Mahmud’s most popular mathnavi is his Yousuf and Zulaikha, which takes many poetic licence with narrative given holy book, the Quran to make it a daastaan of mystic dimension. (The story given in summary in 11 Aayats , i.e., 23-32, and 51 of the Surah, Ahsan al-Qassas). In writing his mathnavi, Mahmud was essentially influenced by the mathnavi of the same title written by Persian poet, Jami. (1414-1492A.C.E). Mahmud’s version was so popular that it was memorized verbatim by the folk singers. Numerous manuscript copies were circulated in the poet’s own life time as D. G. Buhler included it in his catalogue which he prepared in 1875 (p. 175). The literary merit of Mahmud’s mathnavi made German orientalist Karl Burkhard translate it into German in 1875. Mahmud made the story significant in terms of poetic demands, like figurative expression, human passion, conflicts, and Zulaikha’s role in society and family. In this sense Yousuf looks like a flat, or two dimensional character who is loved and being treated variously by various characters, like his brother, his seller, and his father. There is no conflict in his persona and is determined by destiny.

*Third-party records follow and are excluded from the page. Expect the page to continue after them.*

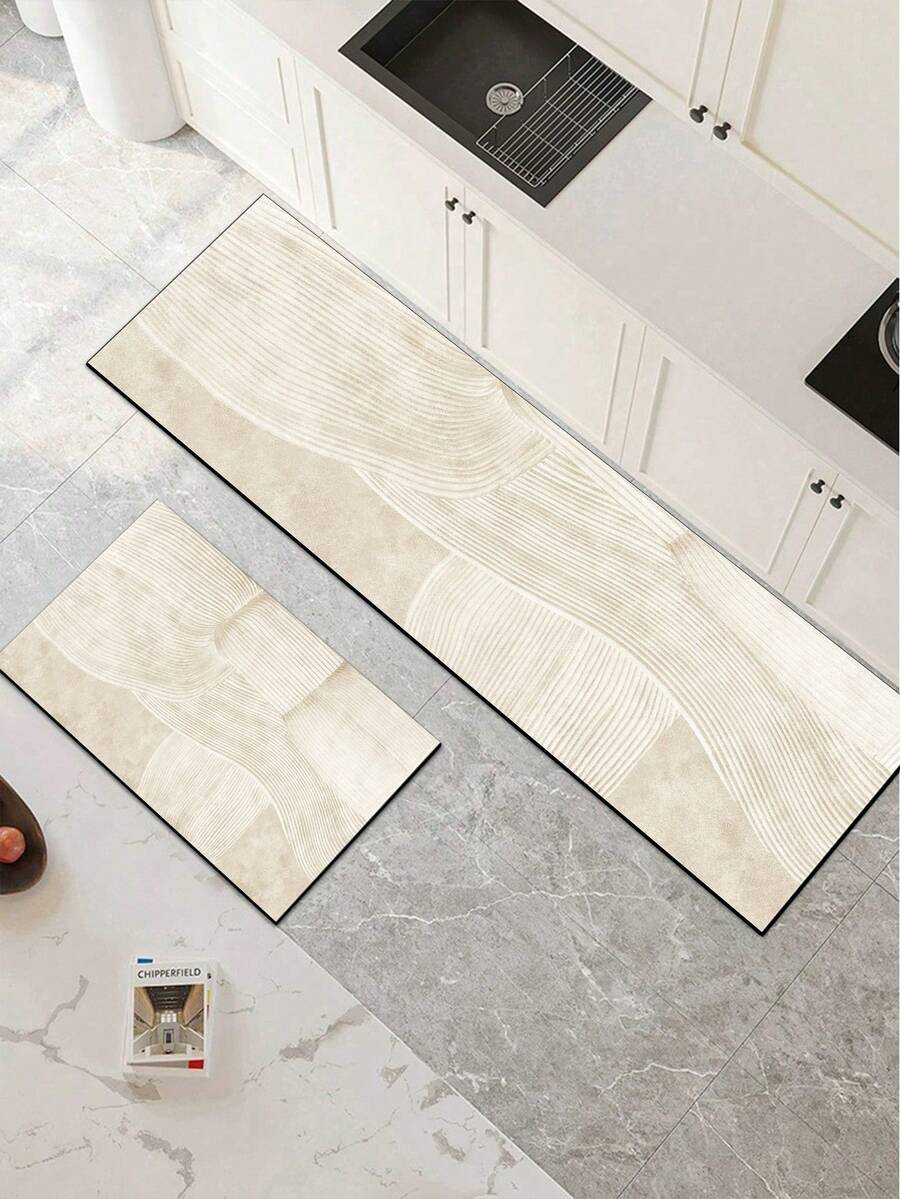 1 pieza Alfombra/Tapete de cocina absorbente de estilo minimalista y de moda con textura de líneas creativas, de aproximadamente 3 mm de grosor, lavable y adecuada para cocina, baño, entrada, lavandería, estudio, sala de estar, dormitorio, pasillo - Multicolor - Ver 1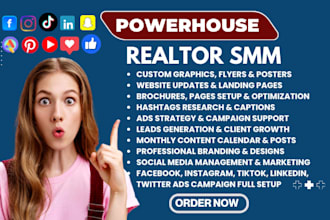 realtor social media marketing manager facebook ads flyer logo real estate leads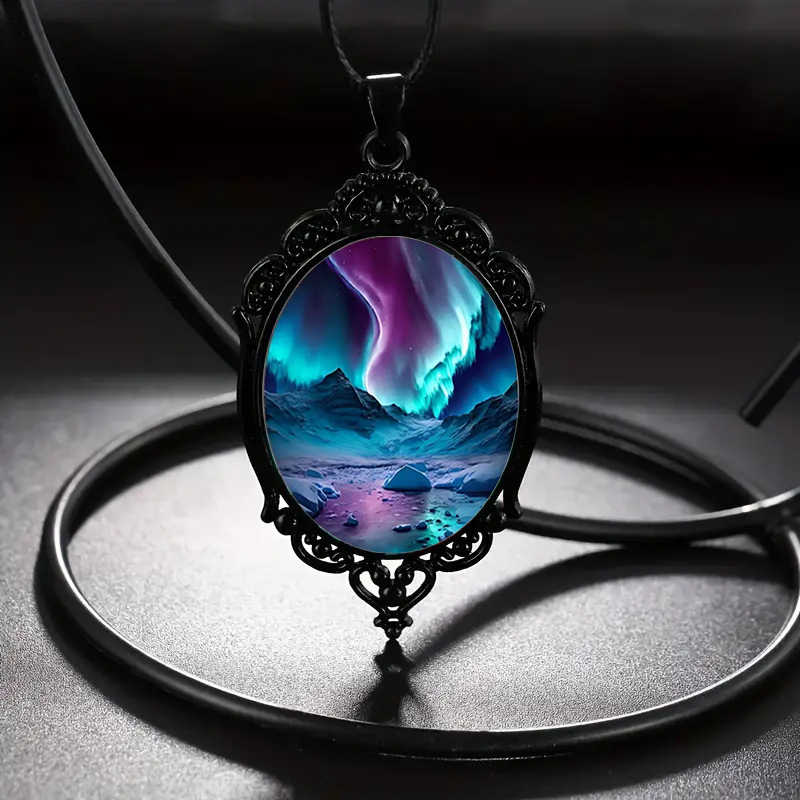 Cross-Border New Product Hot Selling Beautiful Snow Mountain Aurora Pattern Glass Pendant Necklace-Black Frame Trendy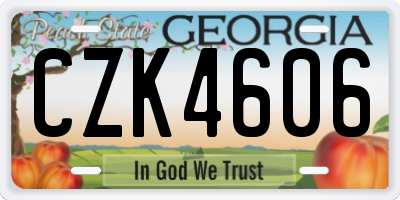 GA license plate CZK4606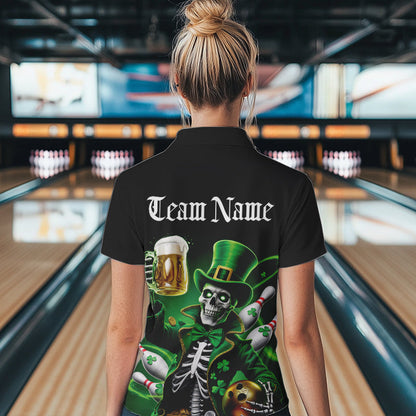 Custom Funny St Patricks Day Leprechaun Skull With Beer Bowling Team Quarter-Zip Shirts IPHW8603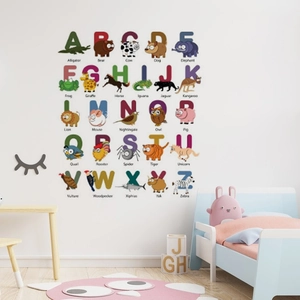 Educational alphabet animal wall stickers for kids nursery room with colorful cartoon designs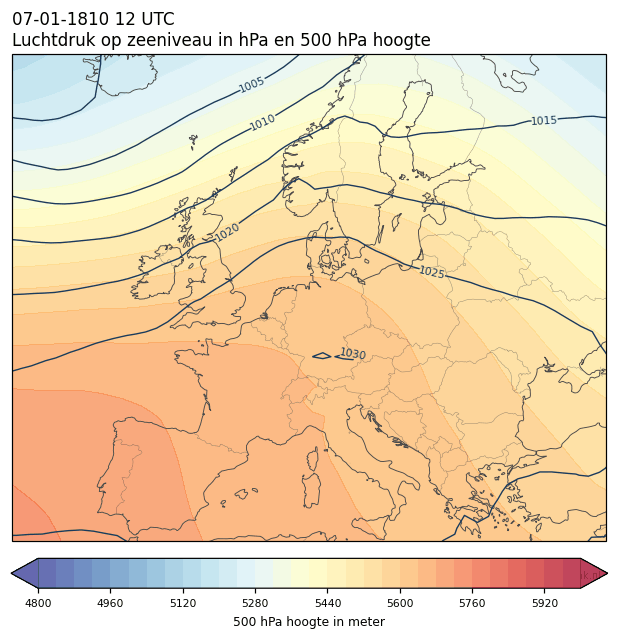 Weerkaart van 7 januari 1810 om 12 UTC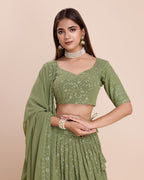 Lehenga Mart Designer Wedding Lehenga Choli For Women - Mehndi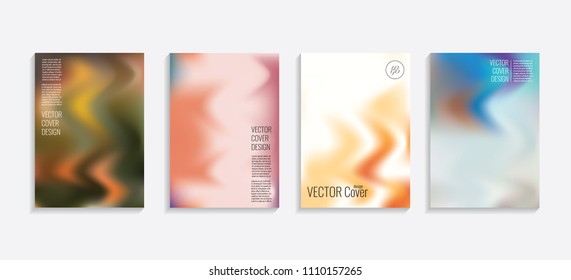 Modern covers with gradient wavy shapes. Futuristic minimal design with a multi-colored bionic background. A4 format. Eps10 vector. For poster, layout, placard, grunge paper, card, book.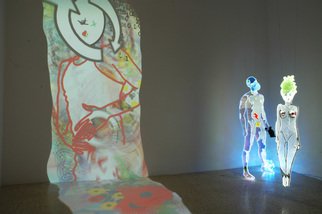 Miri Chais: 'Adam and EVE', 2010 Mixed Media, Representational.   the works consiste of plexiglass and LED  ...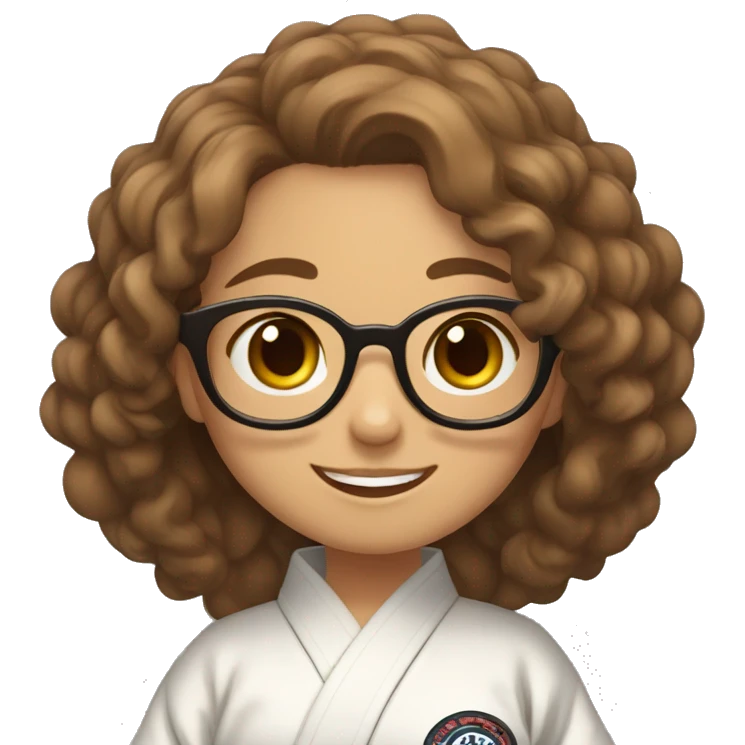 create an emoji of a girl with wavy hair, down to her shoulders, in brown, with glasses, smiling and in a jiu jitsu kimono emoji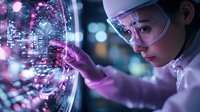Asian female scientist in protective gear examining glowing purple holographic data visualization in modern laboratory with bokeh light effects in background.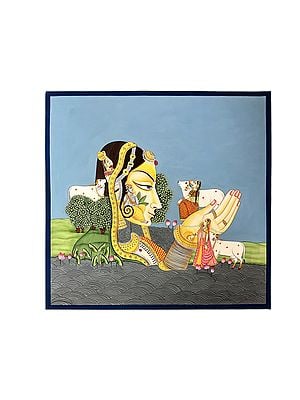 Krishna With Mother Nature | Pichhwai Art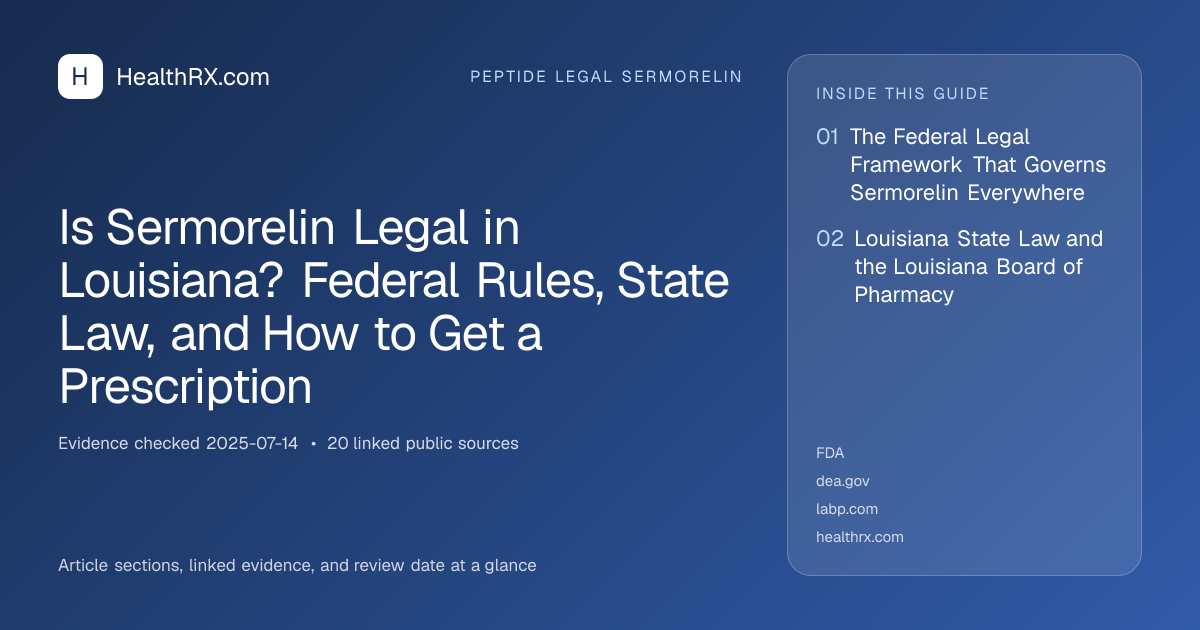Evidence overview for Is Sermorelin Legal in Louisiana? Federal Rules, State Law, and How to Get a Prescription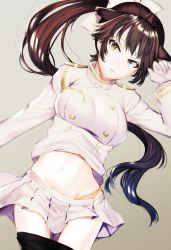 Rule 34 | 1girl, animal ears, arm at side, azur lane, bow, breasts, brown hair, buttons, clothes pull, cowboy shot, cross-eyed, darkmiso, dutch angle, from above, gloves, hair bow, highres, long hair, looking away, lying, midriff, navel, on back, pantyhose, pantyhose pull, pleated skirt, ponytail, skirt, solo, takao (azur lane), thighs, uniform, white gloves, white skirt, yellow eyes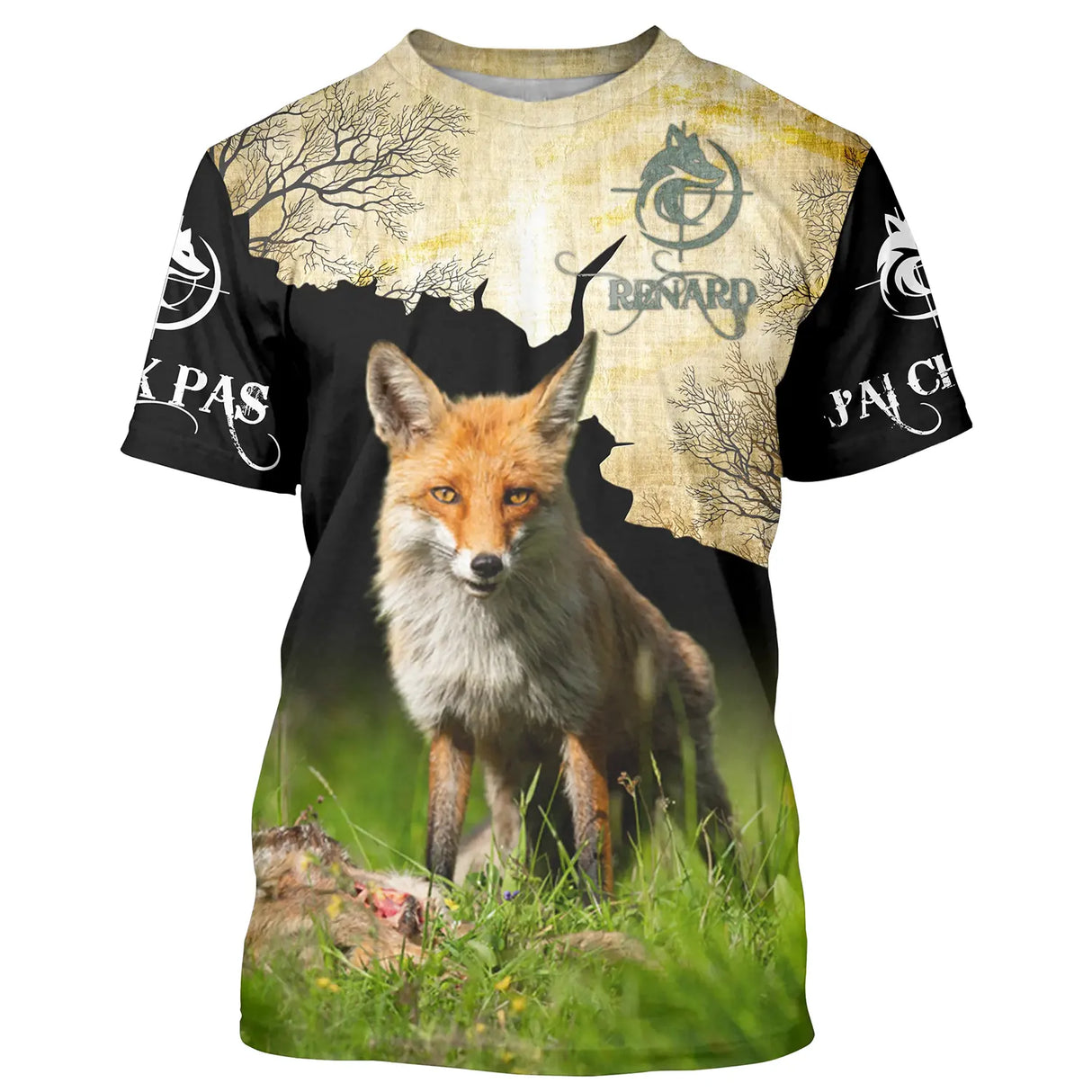 T-shirt chasse renard camouflage forêt avec renard roux assis et lettrage J'peux pas j'ai chasse, design all-over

Mahmud’s long poem on the martyrdom of the Sufi saint Mansoor Hallaj is his poetic rendering of the leitmotif of achieving baqa through fanna, final jama and jam-al-jama, when the seeker discovers unity in plurality and plurality in Unity; objectivity of the phenomenal world becomes the threshold to the Transcendent Reality. Sufis believe that physical world is not vain, but the bridge toward the Reality (al-majazqantrah al-haqiqat.)
In Baghdad once lived Mansoor Hallaj,
the king of all sages and the enlightened.
For fifty years he lived as a common man
and then he was engrossed in his inner Truth.
He was transformed into God’s replica,
and thus began chanting “I am God!”
A drop of water lives in a flooding river,
and the river dwells in the tiny drop.”
Other long narrative poems of Mahmud, Sheikh San’an, Haroon Rashid, yak hikayat, ponpirinamah, pahilynaamah are allegorical renderings of various Sufi subjects which added to the repertoire of necessary referential imaginative world for finding parallels and anecdotal allusions and allegories; the Sufi poets of the 19th century benefitted from it.
Mahmud’s shorter poems like: “Dardi Nayistan” (the Pain of the Nothingness), tamsieylia adam ( Man’s Allegory), tshaar athbo rangay rangay (In Every Colour I shall Seek You) and many others, alleviated the language to meet the demands of expressing intimacy with khayaal (thought), the result of concerted effort and tribulations of the meditative mind. Here is one of his beautiful lyrics Dardi Nayistan.
With my own ears the sound of music I heard,
I shall tell you the pain of Nothingness.
The earth and the firmament, yet to be founded
Yet He glaringly stood amidst the void.
Neither any date nor a year was born,
I shall tell you the pain of Nothingness.
Mahmood Gami died in 1855, and was buried in his native village Aravor, which was named Mahmoodabad in the sixties of the last century. His mausoleum in the beautiful village is perhaps the most beautiful among all the mausoleums of Kashmiri poets. He enjoyed tremendous popularity in his own lifetime. His lyrics, of unrivalled melody and beauty of phrase,were sung by all the singers of every age and even in our time.